(Sumter County; 2000 pop. 39,643). When the South Carolina legislature created Sumter District in 1800, they also established the crossroads village of Sumterville as the courthouse seat. Named after the area’s most prominent resident, the Revolutionary War general and United States senator Thomas Sumter, Sumterville’s growth was painfully slowly during its early years. Justices held trials in John Gayle’s plantation home until the district erected the first courthouse and jail in 1806. The settlement was still quite small by 1812, with just one store, a tavern, and a few homes.

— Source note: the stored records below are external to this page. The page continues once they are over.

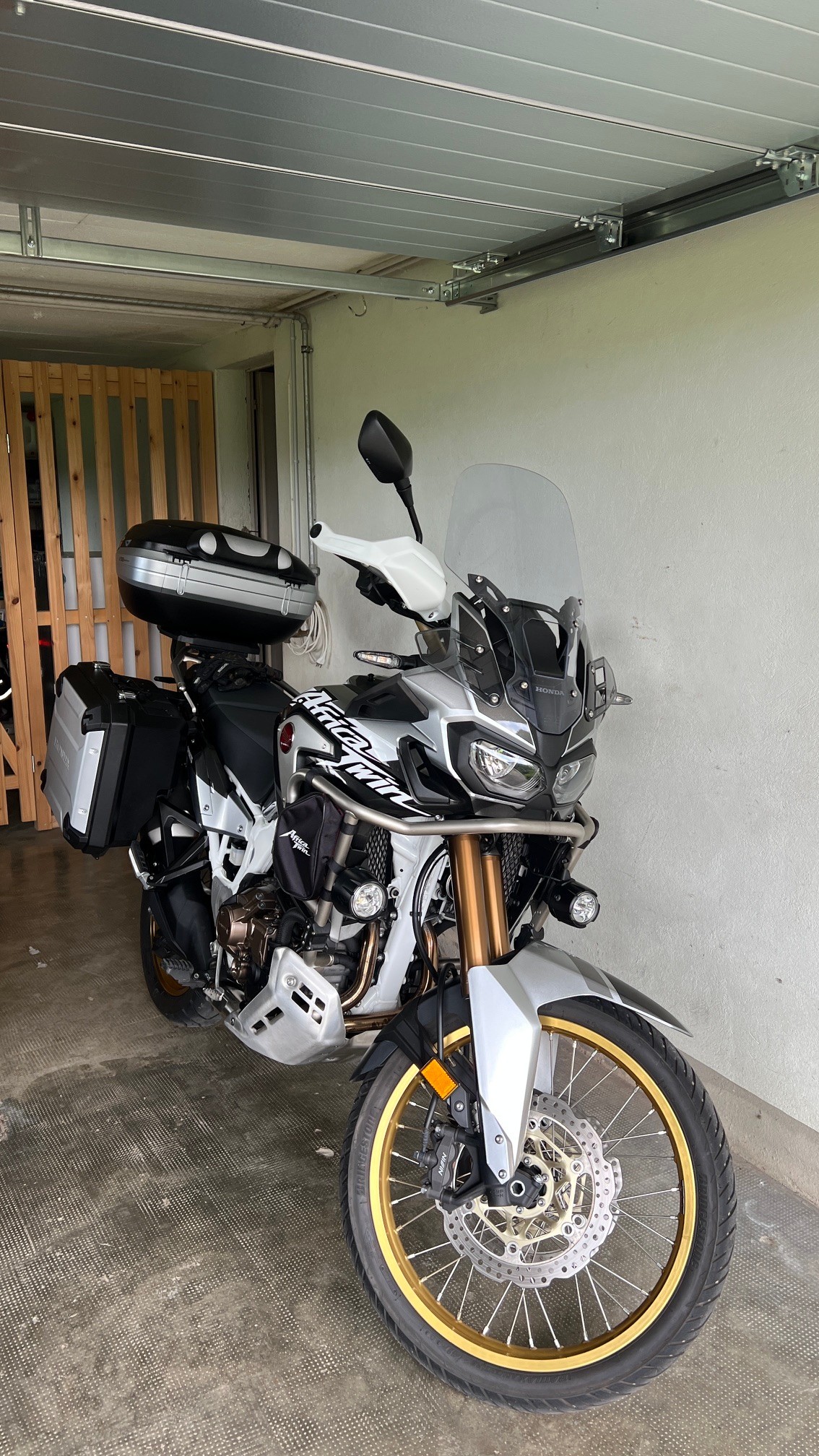 HONDA CRF 1000AD DTC Adventure Africa Twin-image-1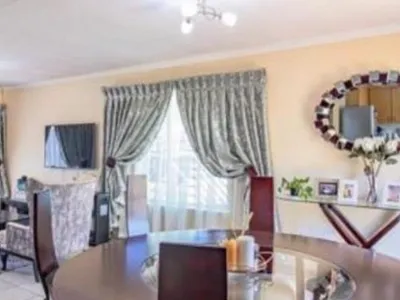 3 Bedroom Townhouse For Sale in Johannesburg - HWdC.webp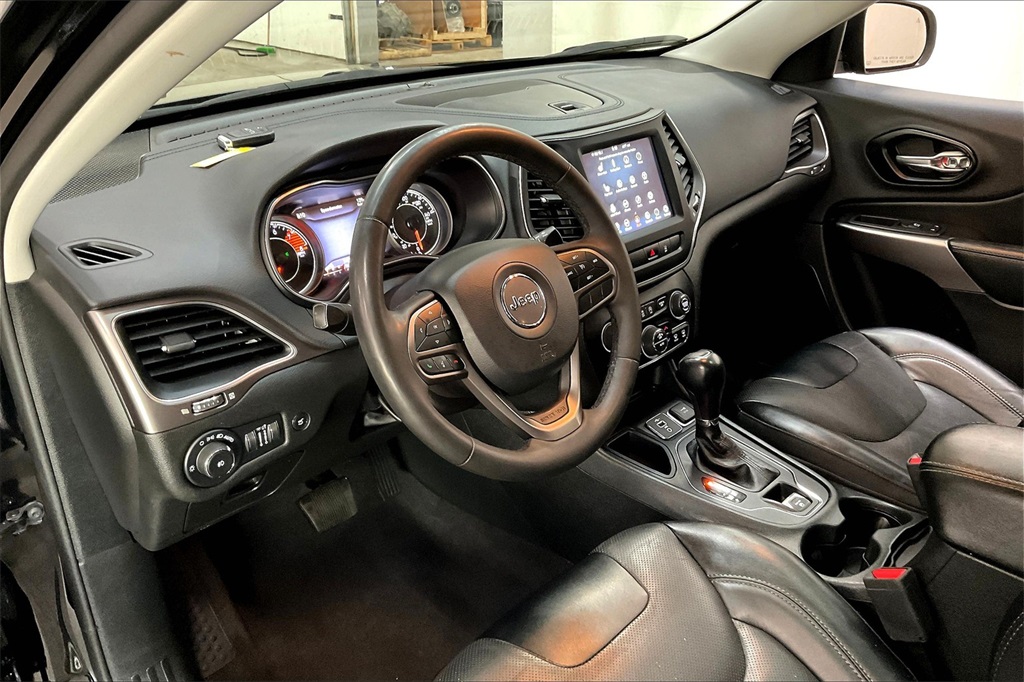 2022 JEEP CHEROKEE - Image 13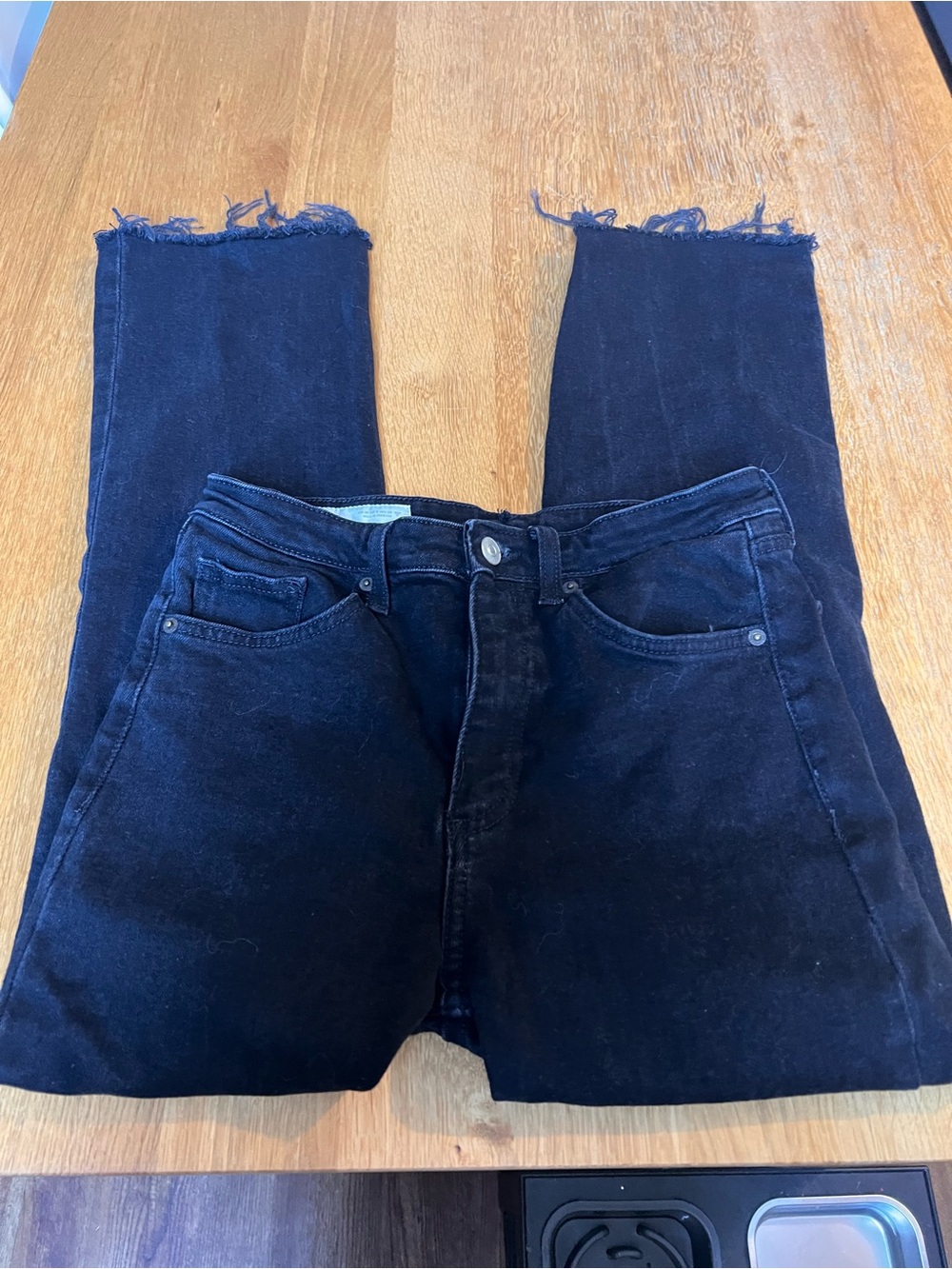 Zara Black Cropped Raw-Hem Women's Jeans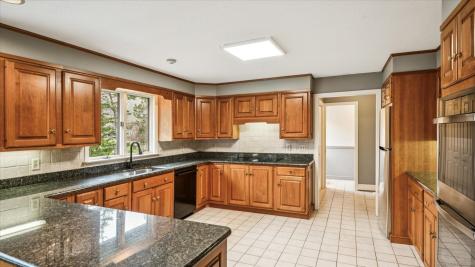 63 Duncaster Road Bloomfield CT 06002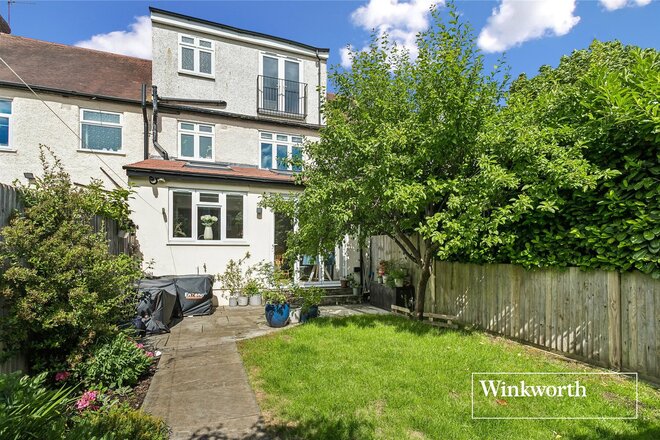 Alan Drive, Barnet, EN5
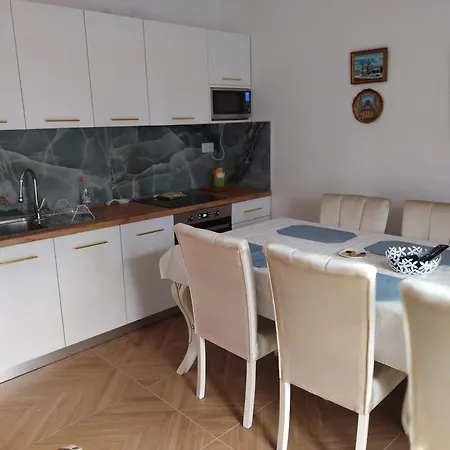 Apartment Eradeo Golem (Tirana)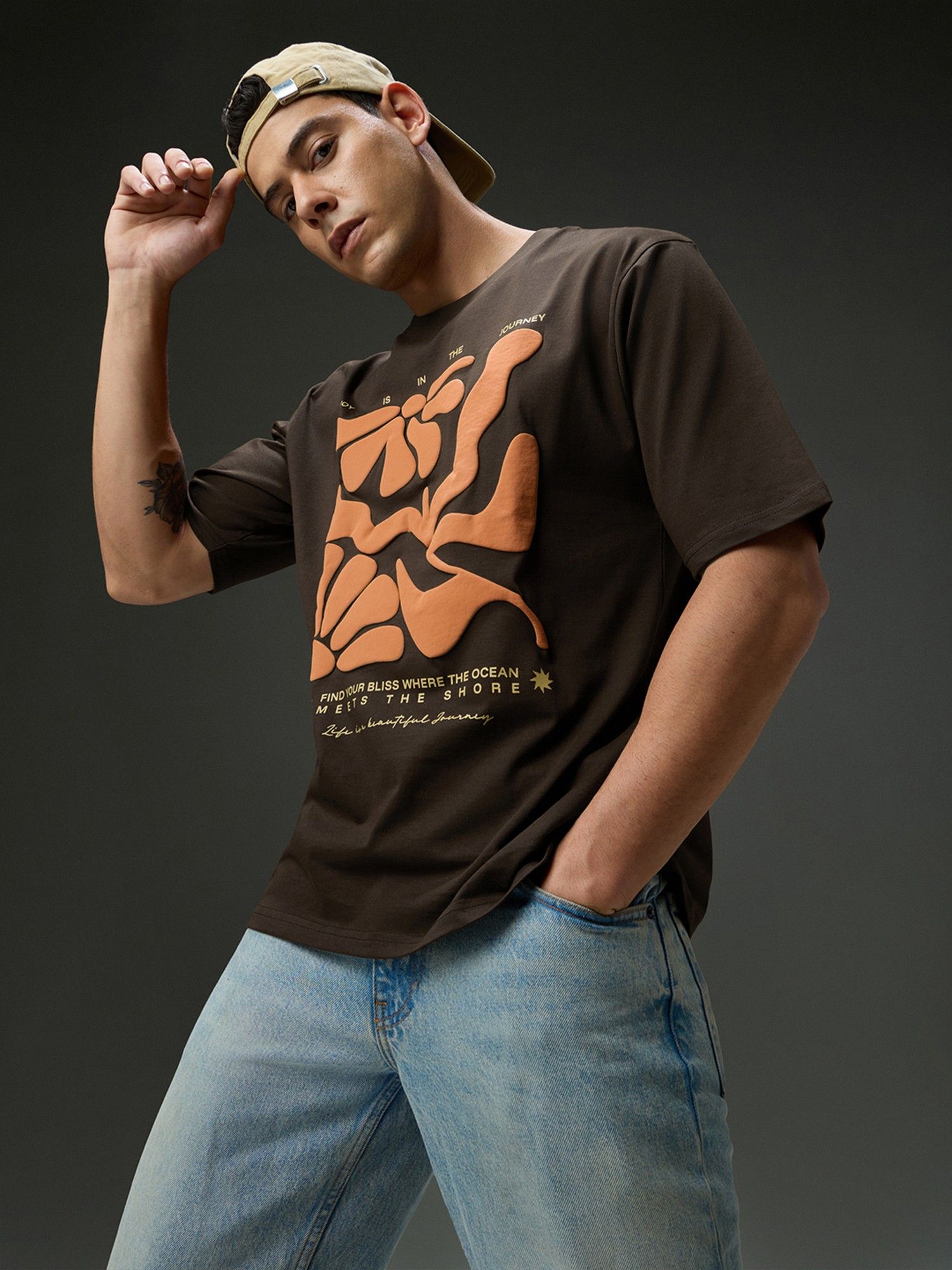 Men Round Neck Half Sleeve Puff Printed Oversized Brown Fit T-Shirt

In the 1820s Sumterville enjoyed a growth spurt that saw the erection of several new buildings, including a courthouse designed by Robert Mills. The town was incorporated in 1845. Five years later Sumterville had ninety homes and a population of 840, including 330 African Americans. Following the arrival of the railroad, town leaders shortened the name to Sumter in 1855. During the Civil War citizens set up hospitals throughout the city for Confederate wounded. Due to the railroad and Sumter’s central location, the Confederate army turned Sumter into a distribution center for military supplies. This led to Union general Edward E. Potter’s raid through Sumter District in April 1865, during which he set up headquarters in Sumter.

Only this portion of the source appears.